== Source information ==
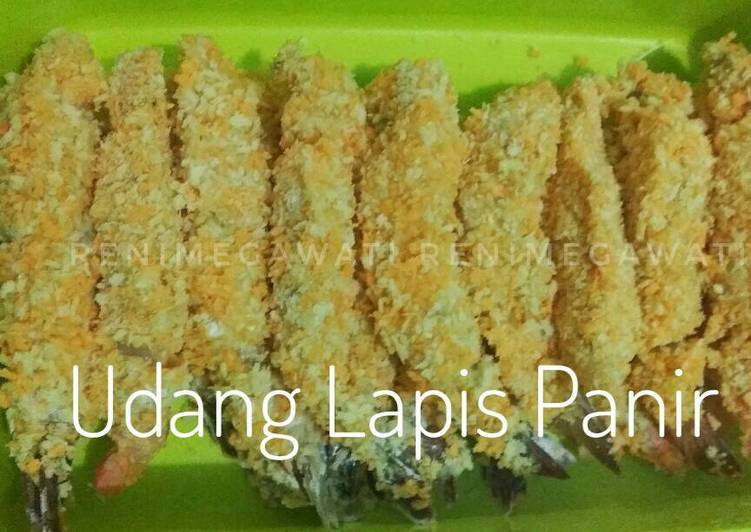Udang Lapis Panir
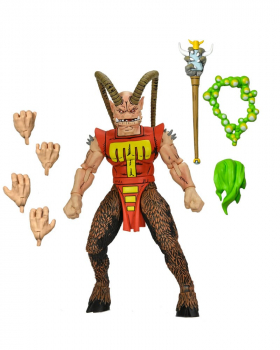 Savanti Romero (Mirage Comics) Action Figure, Teenage Mutant Ninja Turtles, 18 cm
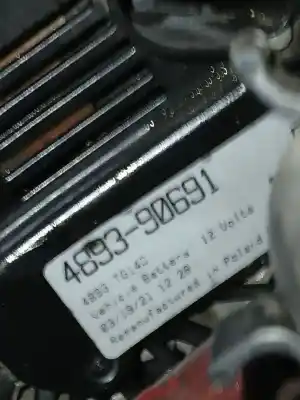 Автозапчасти б/у генератор за renault megane iii coupe color edition ссылки oem iam 489390691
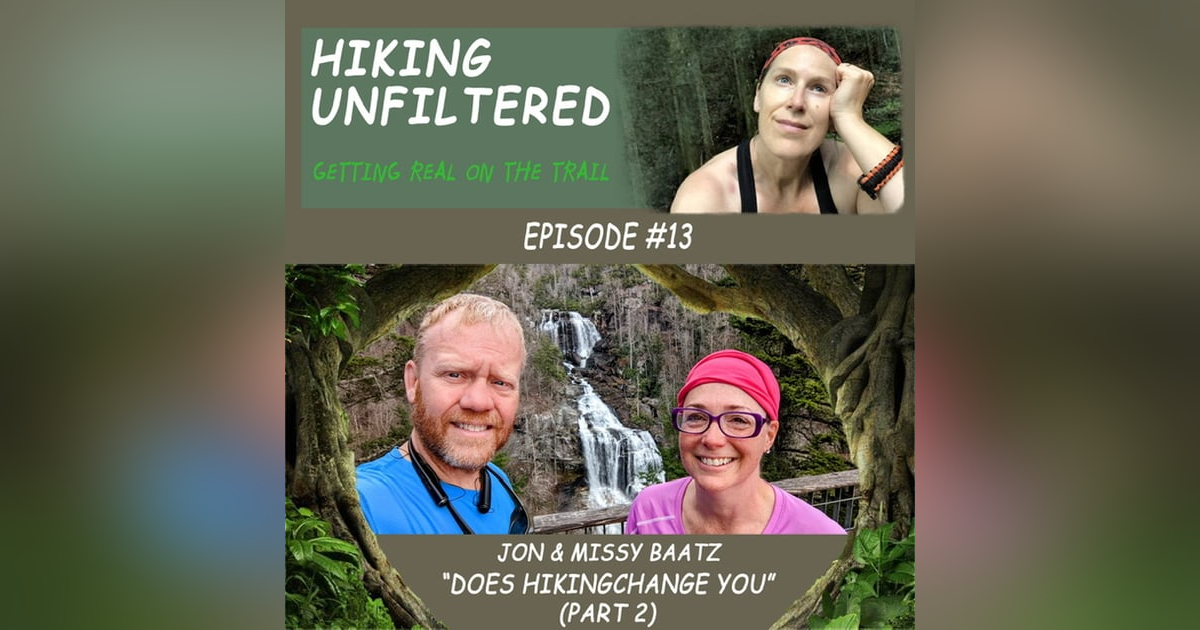 Episode #13 - John and Missy Baatz - "How much is enough?" (Part 2) Episode #13 - John and Missy Baatz - "How much is enough?" (Part 2)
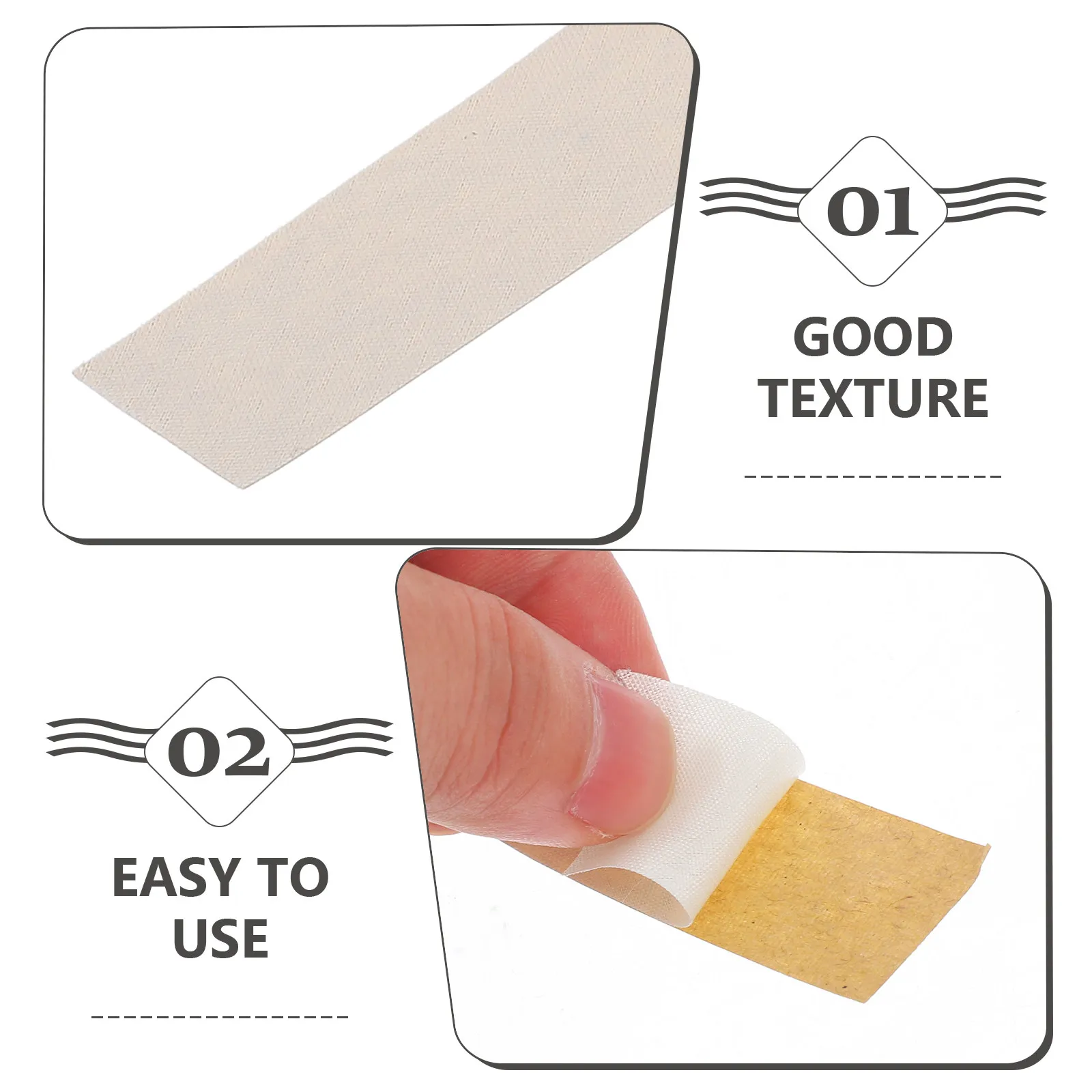 

Lampshade Wrapping Cloth Lampshade Accessory Light Shade Edging Cloth Tape Lampshade Edging Strip Cloth Lampshade Edges Strips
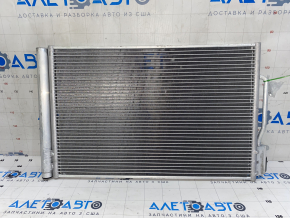 Air conditioner radiator condenser Chevrolet Malibu 16-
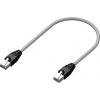 RS PRO Kat6 Ethernetové kabely, Modrá, Polyvinylchlorid, A: RJ45 2 m Vnější, B: RJ45 Vnější, typ pláště: U/UTP RS PRO Kat6 Ethernetové kabely, Modrá, Polyvinylchlorid, A: RJ45 2 m Vnější, B: RJ45 Vnější, typ pláště: U/UTP
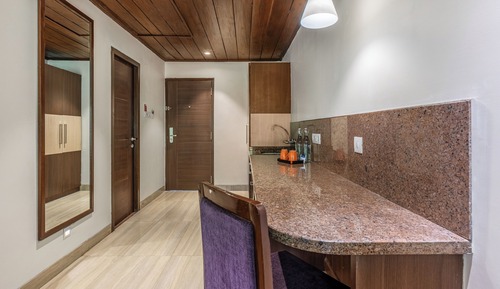 Garden View Premier Room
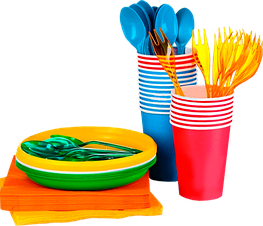 Одноразовий посуд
===
> _What needs to be done_:
From the first line of the material down to the line containing "(Part 2) Episode", inclusive, return each line exactly, skipping any picture.

> _Task response_:
Udang Lapis Panir
 Savanti Romero (Mirage Comics) Action Figure, Teenage Mutant Ninja Turtles, 18 cm
 Автозапчасти б/у генератор за renault megane iii coupe color edition ссылки oem iam 489390691
 Episode #13 - John and Missy Baatz - "How much is enough?" (Part 2) Episode #13 - John and Missy Baatz - "How much is enough?" (Part 2)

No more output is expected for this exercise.